I was playing pickleball one day with one of my British friends from Ocean Hills, and out of nowhere, she asks me, "Why is there a North Carolina and a South Carolina, instead of just one Carolina?" I had no answer, not a clue. Of course I told her I would find out and get back to her. Here's what I found.
During the 1600's while England was trying to colonize the New World, mother England experienced the greatest turmoil in her history. After the brutal dictatorship of Oliver Cromwell, Charles 11 returned to the British throne in 1660. The colonies that were created during his rule were known as Restoration Colonies. It was in this environment that the Carolinas were created.
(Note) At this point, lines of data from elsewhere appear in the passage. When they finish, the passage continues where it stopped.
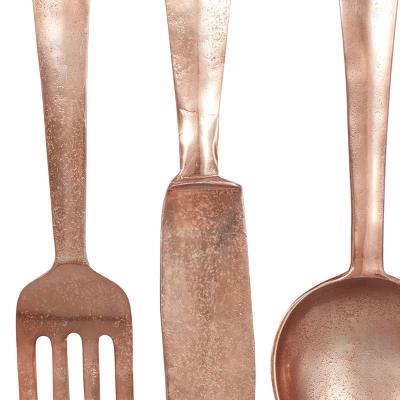 Set Of 3 Aluminum Utensils Knife Spoon And Fork Wall Decors Gold - Olivia & May 7 Set Of 3 Aluminum Utensils Knife Spoon And Fork Wall Decors Gold - Olivia & May - Image 5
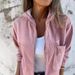 Women's Clothing Women's Solid Color Corduroy Jacket With Hood Simple Style Autumn Outerwear For Formal & Casual For Women_ecoleips.com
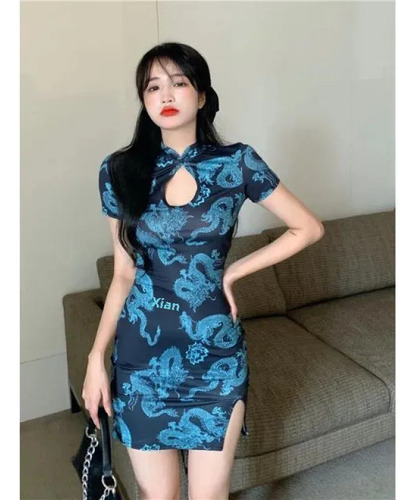 Minivestido Qipao Feminino De Verão Com Estampa De Dragão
The southern part of Carolina served first as support for the British West Indies. Soon the slave economy of the sugar plantations reached the shores of Carolina. Plantations producing sugar, rice and other crops became profitable, as slaves in the tens of thousands soon inhabited Carolina. Charles Town, later known as Charleston. African slaves became the majority of the population
In the northern area of the Carolina colony, the earliest inhabitants were displaced former indentured small tobacco farms. Slavery existed here, but in smaller numbers than in the neighboring regions. Northern Carolina, like Rhode Island in the North, drew the region's discontented masses.
As the two locales evolved separately and as their differing geographies and inhabitants followed different courses, calls for a formal split emerged. In 1712 North Carolina and South Carolina became distinct colonies.. It was a peaceful divorce.